By Huw Jones
LONDON (Reuters) – Britain’s access to European Union markets will be rebalanced, but the City of London will not be shut out completely, the bloc’s financial services chief Valdis Dombrovskis said.
Dombrovskis set out plans on Thursday to bolster the EU’s own capital market to cut its reliance on Britain, Europe’s biggest financial centre, which fully leaves the bloc at the end of December.
“We are not closing our doors to financial services in the UK,” Dombrovskis told reporters, adding that there will be a “rebalancing” of British financial activities in the bloc.

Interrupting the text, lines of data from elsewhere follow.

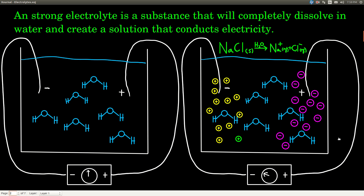A strong electrolyte — an electrolyte is any substance that, when dissolved in water, allows an electrical current to flow. A strong electrolyte is a substance that completely dissolves in water and creates a solution that conducts electricity. Sodium chloride is an example. When you put crystals of sodium chloride into water, they completely dissociate — there's no solid sodium chloride left until you reach the solubility limit. They dissociate into sodium ions and chloride ions, and we'll see the needle move. It's a strong electrolyte.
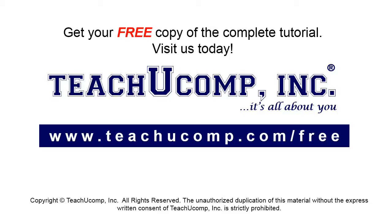Get your free copy of the complete tutorial at www.teachucomp.com/free.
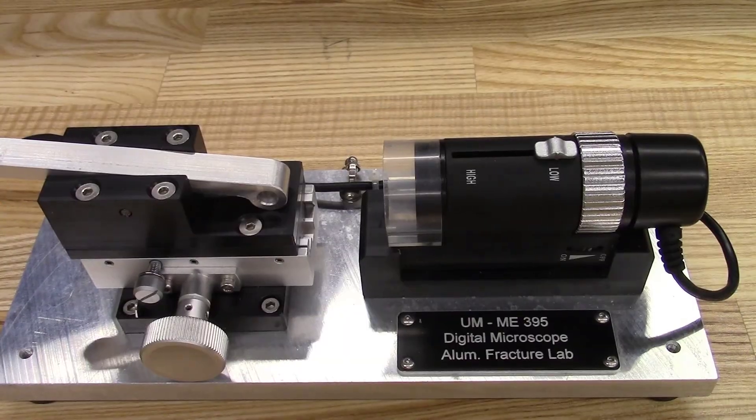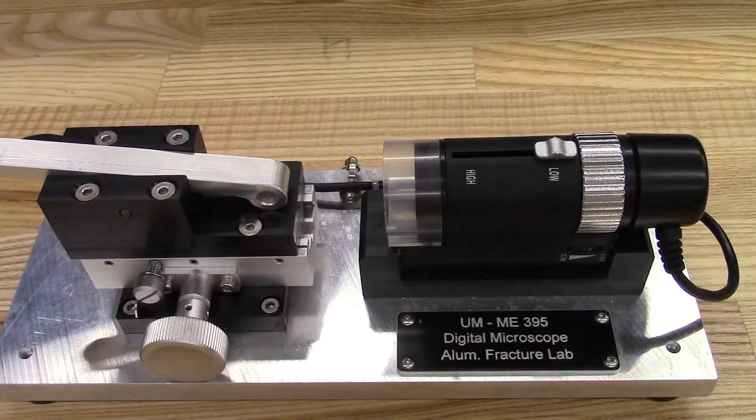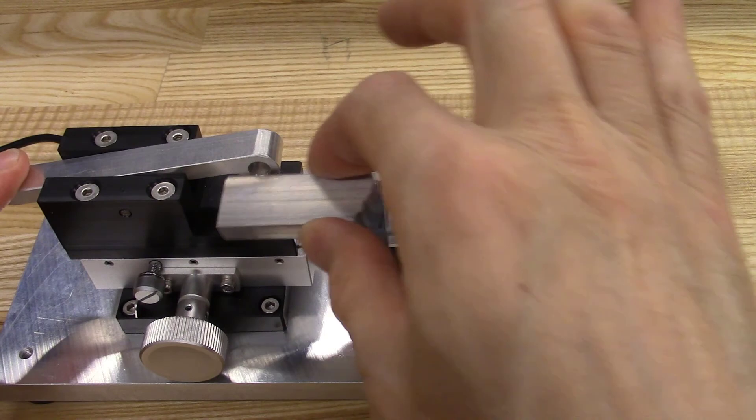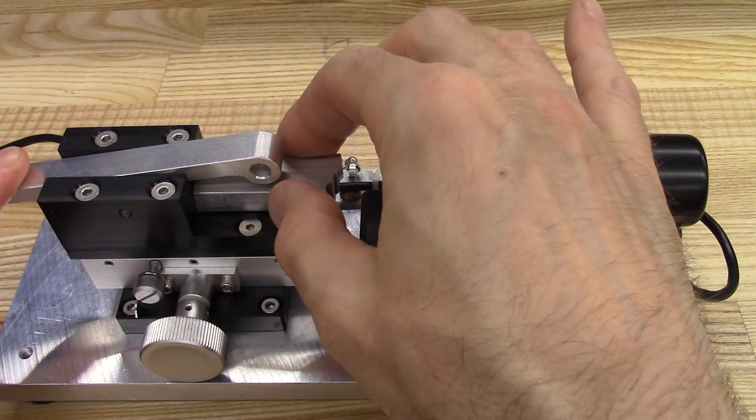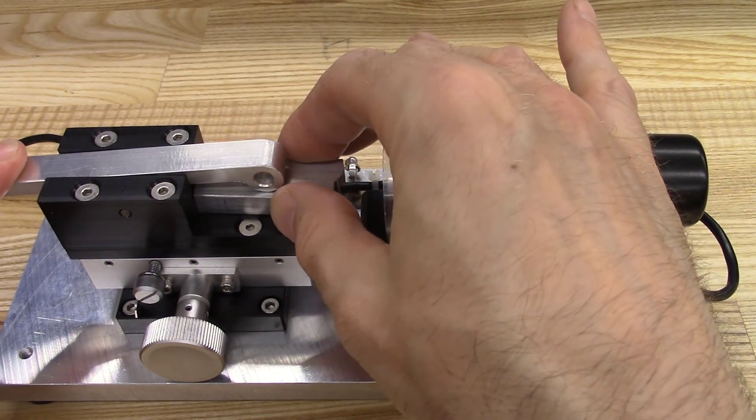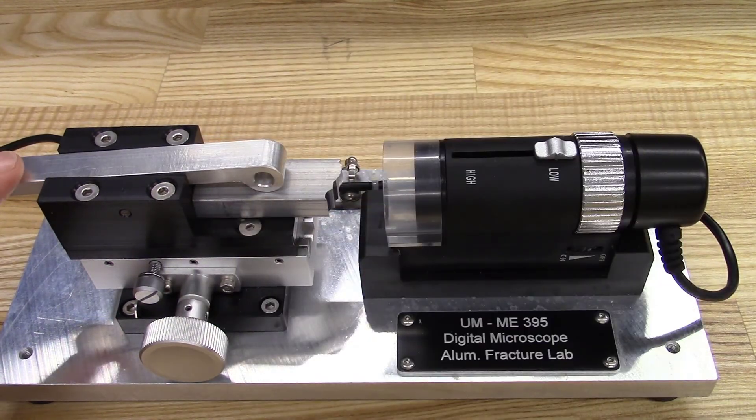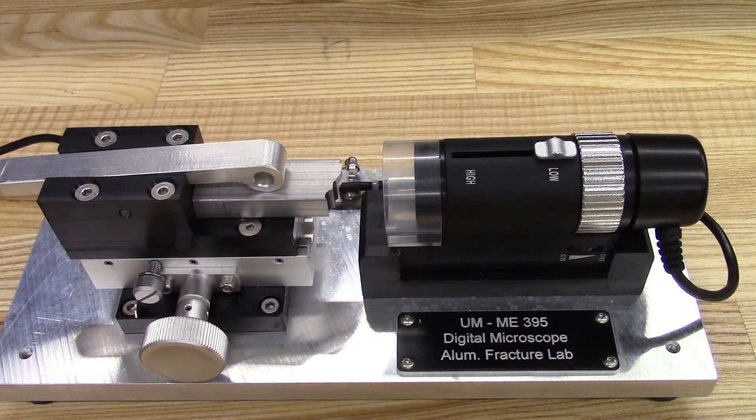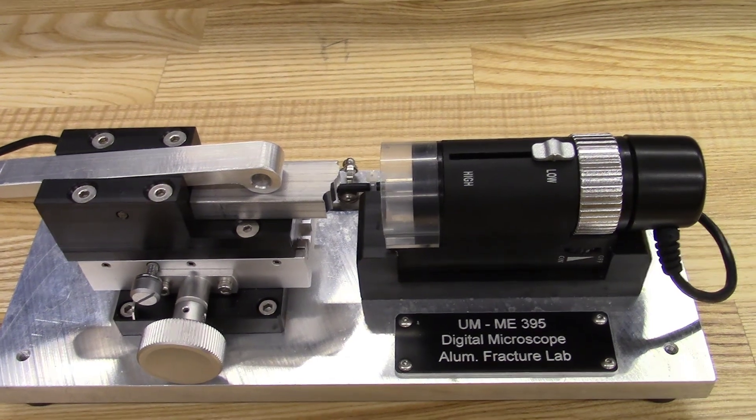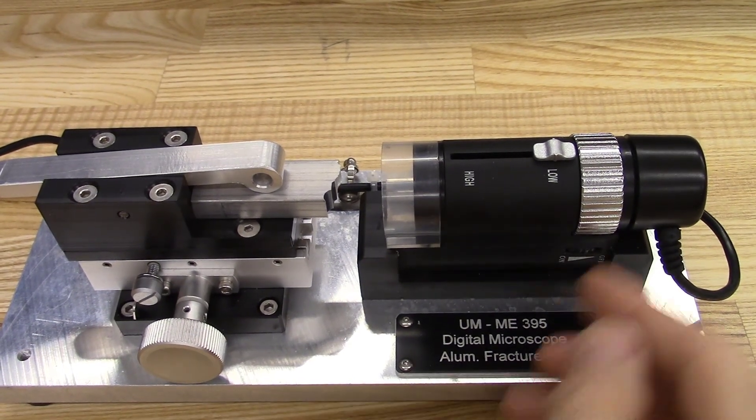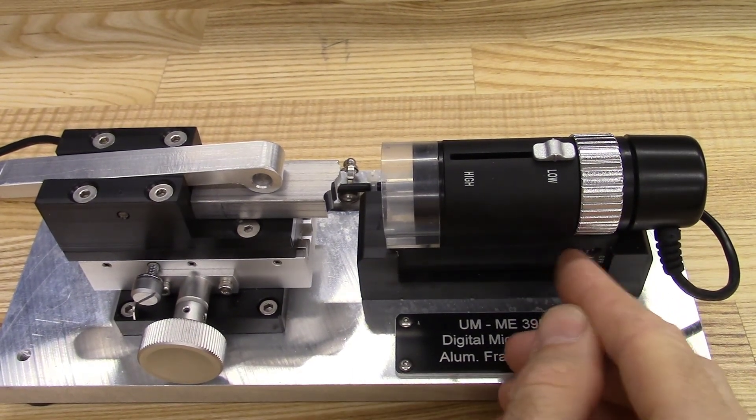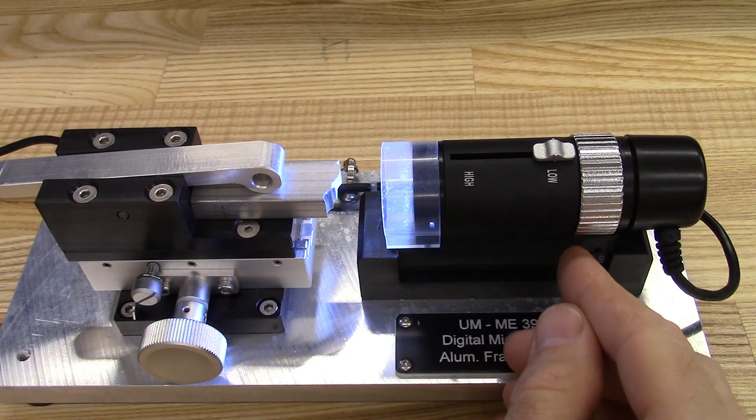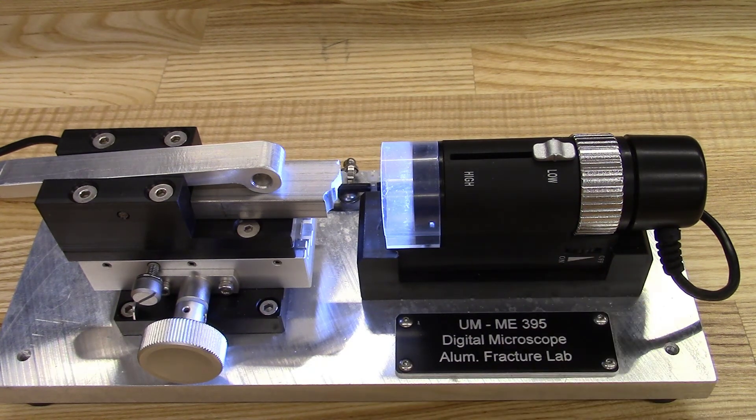Mount a fractured fatigue specimen onto the stage under the spring-loaded clamp. The specimen should be roughly centered and in line with the camera. Turn on the LED lighting using the dial at the base of the camera.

Brussels has said it will not, for now, allow the City of London to directly offer investment services to EU customers under its access system known as equivalence.
“EU rules in this area are not fully finalised yet so we cannot provide equivalence for something that is still a work in progress,” Dombrovskis said.

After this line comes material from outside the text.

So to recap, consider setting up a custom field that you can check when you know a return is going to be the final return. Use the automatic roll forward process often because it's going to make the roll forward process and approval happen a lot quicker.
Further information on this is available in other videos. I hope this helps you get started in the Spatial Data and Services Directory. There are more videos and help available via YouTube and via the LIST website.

It does not mean the EU market is closed as British-based firms could use bilateral access available from some member states, he added, a step lawyers have said is cumbersome.
Britain and the EU failed to meet a June deadline for assessing two-way access for financial services from January.
Dombrovskis said he has asked Britain for more information after it said it would diverge from some EU rules.
“We need to understand what kind of divergence Britain is talking about and what are the potential implications,” he said.
Brussels has already said it will allow EU investors to continue using clearing houses in London until June 2022.